The 'user' and 'password' values are self-explanatory strings. The 'wiki' value is a wiki description variable (see below).

The 'wiki' value does not need to be defined as a separate variable - you can insert the wiki description right there. However, if you use more than one account for your bot at this wiki, defining the wiki desc as a variable might avoid unnecessary redundancy.

Often a bot will be used on multiple wikis. Sometimes a bot will perform several different tasks on the same wiki, and in some cases the wiki rules will require it to use different accounts for the different tasks. In such cases, the bot operator will need to define several different login variables. Usually (but not mandatory), they are defined as values in an array, typically named $logins:

$logins = array (
  'MeAtWEN' => array (
    'user'     => "Joe Editor",
    'password' => "pwdofjoeeditor",
    'wiki'     => $Wikipedia_EN,
  ),
  'MyBotAtWEN' => array (
    'user'     => "Joe's Bot",
    'password' => "pwdofjoesbot",
    'wiki'     => $Wikipedia_EN,
  )
  'MyBotAtWDE' => array (
    'user'     => "Joe's Bot",
    'password' => "pwdofjoesbot",
    'wiki'     => $Wikipedia_DE,
  )
);

Wiki description

As we saw, a wiki login needs a wiki description. It is a PHP array variable with the following structure:

$Wikipedia_EN = array (
  'name' => 'en',
  'urls' => array (
    'api' => "http://en.wikipedia.org/wiki/api.php",
    'web' => "http://en.wikipedia.org/wiki/index.php",
  ),
)

The 'name' value contains a name for this wiki that Apibot will use while referring to it, while caching data about it etc. For this reason, this field is mandatory.

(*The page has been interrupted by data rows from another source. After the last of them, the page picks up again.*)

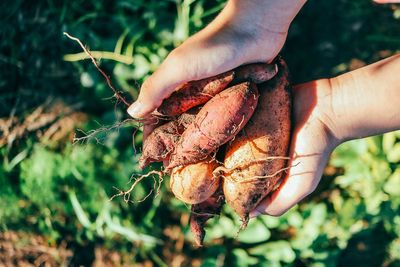 The fall comfort food packed with electrolytes that won’t spike your blood sugar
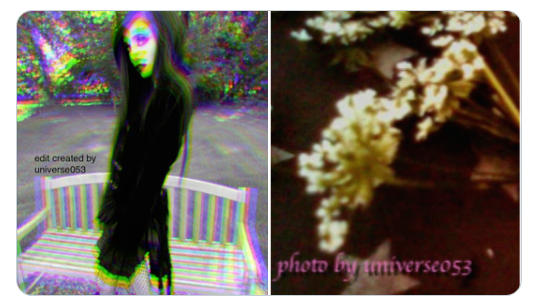 universe053's tweet photo. #art #edits #picturecollage #eugeniacooney #nature #gardenvibes #flowers https://t.co/OCDAtAeoet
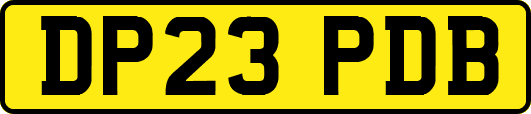 DP23PDB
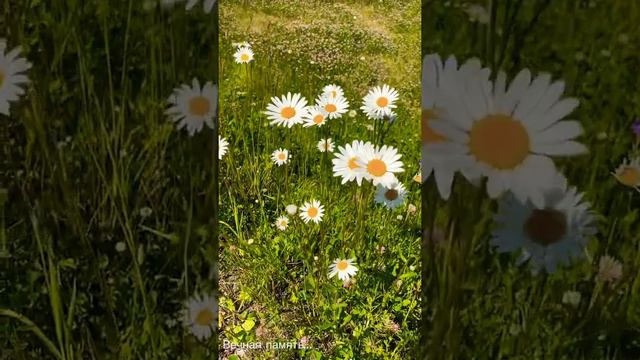С днём семьи, любви и верности! смотреть онлайн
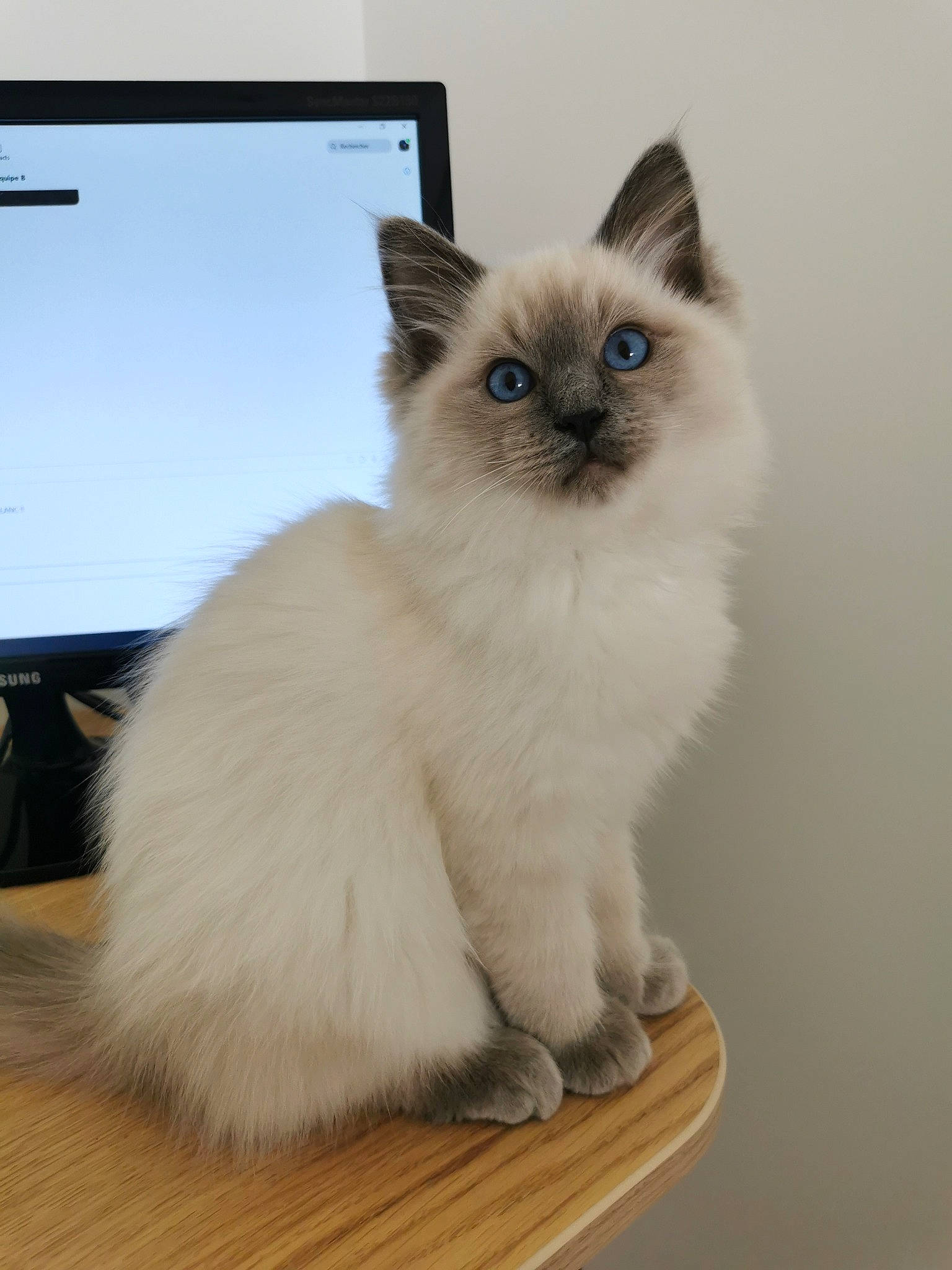 Sumo a rejoint le concours — aidez-le/la à gagner de superbes lots ! balinese, birman, carnivore, cat, computer_keyboard, fawn, felidae, fur, hardwood, iris, peripheral, personal_computer, ragdoll, siamese, small_to_medium_sized_cats, snout, tail, thai, tonkinese, whiskers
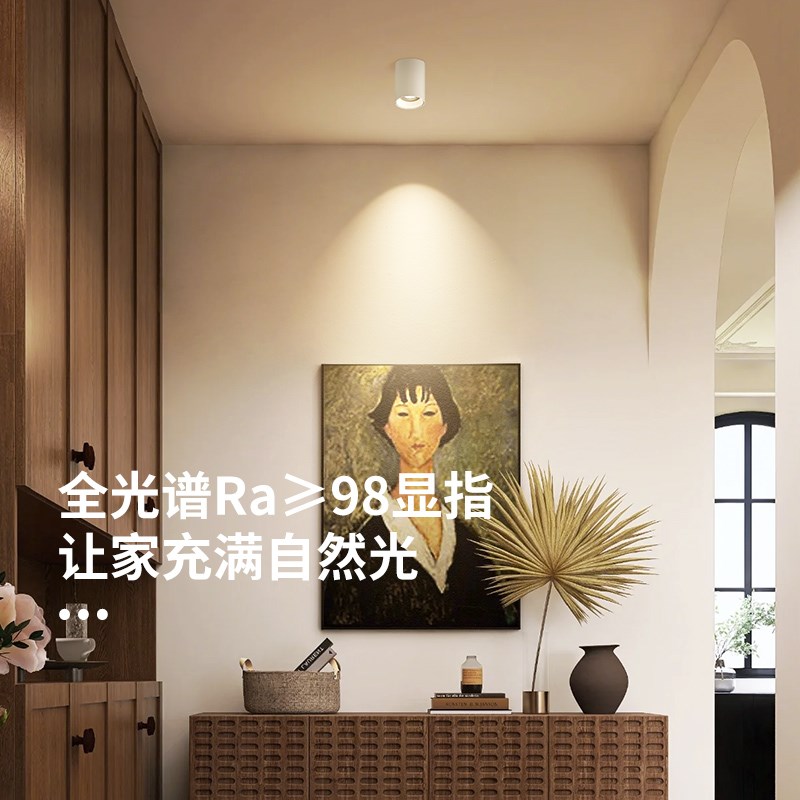 至御明装射灯led防眩光过道玄关迷你天花灯免开孔客厅无主灯M011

The 'urls' array values are the URLs Apibot needs to know in order to contact the wiki. The 'api' url is used to exchange info with the MediaWiki API (bot) interface, and the 'web' url is used to exchange info with the MediaWiki Web (human) interface. (Apibot can work through different interfaces - potentially even with different wiki softwares.)

The wiki description may contain also other fields, for example for bot settings (see below).

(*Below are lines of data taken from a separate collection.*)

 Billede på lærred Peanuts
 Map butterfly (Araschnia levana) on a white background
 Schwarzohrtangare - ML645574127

Often a bot will be used on different wikis, thus needing more than one wiki description variables. Usually (but not mandatory), they are defined as values in an array, typically named $wikis:

$wikis = array (
  'en' => array (
    'name' => 'en',
    'urls' => array (
      'api' => "http://en.wikipedia.org/wiki/api.php",
      'web' => "http://en.wikipedia.org/wiki/index.php",
    ),
  'de' => array (
    'name' => 'en',
    'urls' => array (
      'api' => "http://de.wikipedia.org/wiki/api.php",
      'web' => "http://de.wikipedia.org/wiki/index.php",
    ),
  ),
)

Settings

The work of Apibot can be tuned to a large degree through giving its parameters some settings. These are PHP arrays, gathered in a common settings array or inserted in the wiki or login descriptions.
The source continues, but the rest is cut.